Presburger arithmetic does NOT prove its own consistency. Its only function symbols are addition and successor, which are not sufficient to represent Godel encodings of propositions.
However, consistent self-verifying axiom systems do exist -- see the work of Dan Willard ("Self-Verifying Axiom Systems, the Incompleteness Theorem and Related Reflection Principles"). The basic idea is to include enough arithmetic to make Godel codings work, but not enough to make the incompleteness theorem go through. In particular, you remove the addition and multiplication function symbols, and replace them with subtraction and division. This is enough to permit representing the theory arithmetically, but the totality of multiplication (which is essential for the proof of the incompleteness theorem) is not provable, which lets you consistently add a reflection principle to the logic.

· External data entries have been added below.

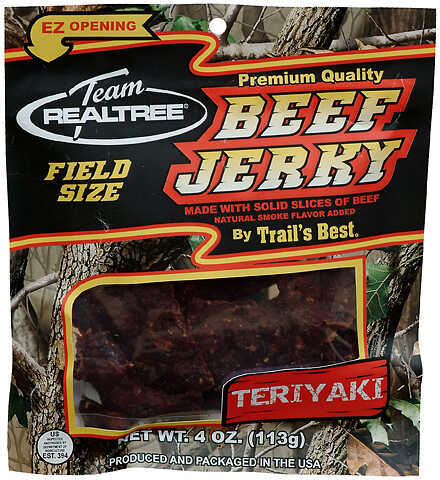 Team Realtree Jerky Teriyaki Beef 3.25 Oz.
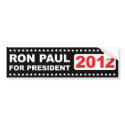 Ron Paul 2012 Bumper Sticker bumper stickers by RonPaulStore Ron Paul 2012 Bumper Sticker bumper stickers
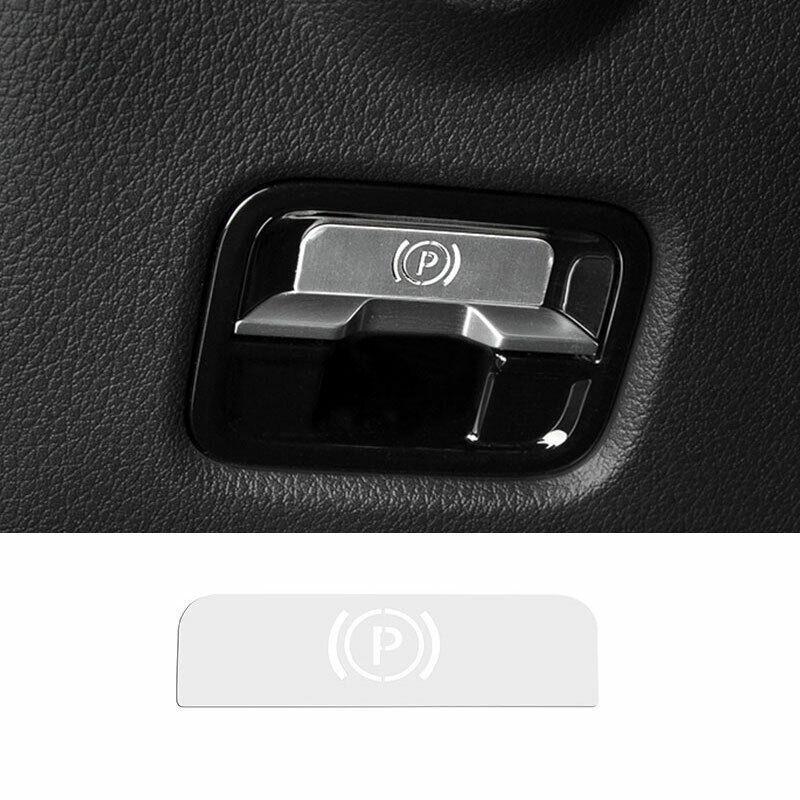 For Benz C-Class W206 -23 Silver Aluminum Brake Handle Handbrake Cover Trim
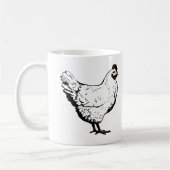 Huhn Kaffeetasse (Links)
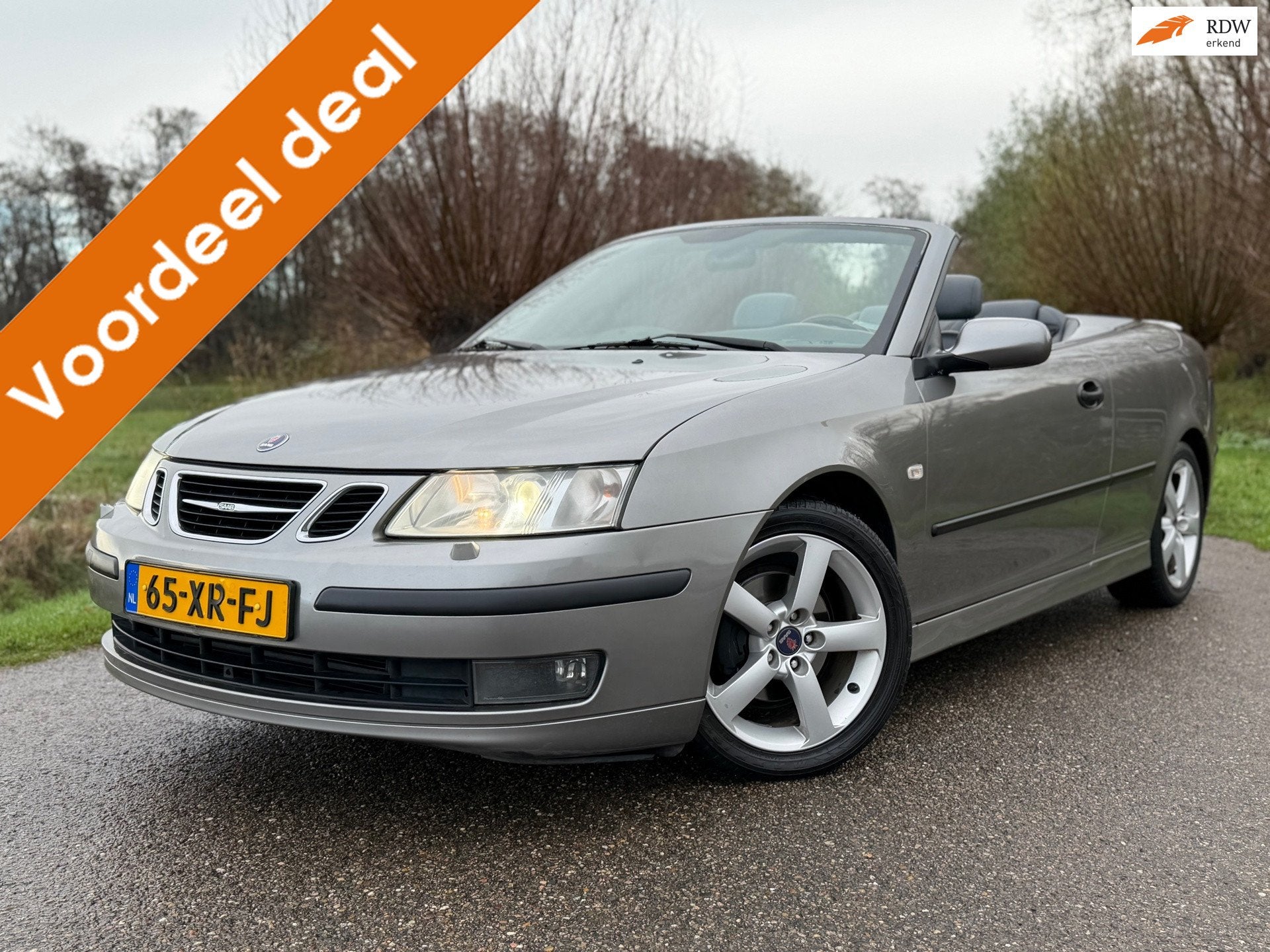 Saab 9-3 Cabrio 1.8t Vector Automaat / Leder / Clima / Stoel, 1998 cc, Gebruikt, 4 cilinders, 4 stoelen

Raymond Smullyan gave a very general formulation in terms of representation systems. They appear in his "Theory of Formal Systems", and in the first and last chapters of "Godel's Incompleteness Theorems". They generalise first- and higher-order systems of logic, type theories, and Post production systems.
A representation system consists of:
A countably infinite set $E$ of expressions.
A subset $S \subseteq E$, the set of sentences.
A subset $T \subseteq S$, the set of provable sentences.
A subset $R \subseteq S$, the set of refutable sentences.
A subset $P \subseteq E$, the set of (unary) predicates.
A function $\Phi : E \times \mathbb{N} \rightarrow E$ such that, whenever $H$ is a predicate, then $\Phi(H,n)$ is a sentence.
The system is complete iff every sentence is either provable or refutable. It is inconsistent iff some sentence is both provable and refutable.
We say a predicate $H$ represents the set $A \subseteq \mathbb{N}$ iff $A = \{ n : \Phi(H,n) \in T \}$.
Let $g$ be a bijection from $E$ to $\mathbb{N}$. We call $g(X)$ the Godel number of $X$.
We write $E_n$ for the expression with Godel number $n$.
Let $\overline{A} = \mathbb{N} \setminus A$ and $Q^* = \{ n : \Phi(E_n,n) \in Q \}$.
We have:
(Generalised Tarski Theorem) The set $\overline{T^*}$ is not representable.
(Generalised Godel Theorem) If $R^*$ is representable, then the system is either inconsistent or incomplete.
(Generalised Rosser Theorem) If some superset of $R^* $ disjoint from $T^*$ is representable, then the system is incomplete.
In case it's not clear: in a first-order system, we can take $P$ to be the set of formulas whose only free variable is $x_1$, and $\Phi(H,n) = [\overline{n}/x_1]H$.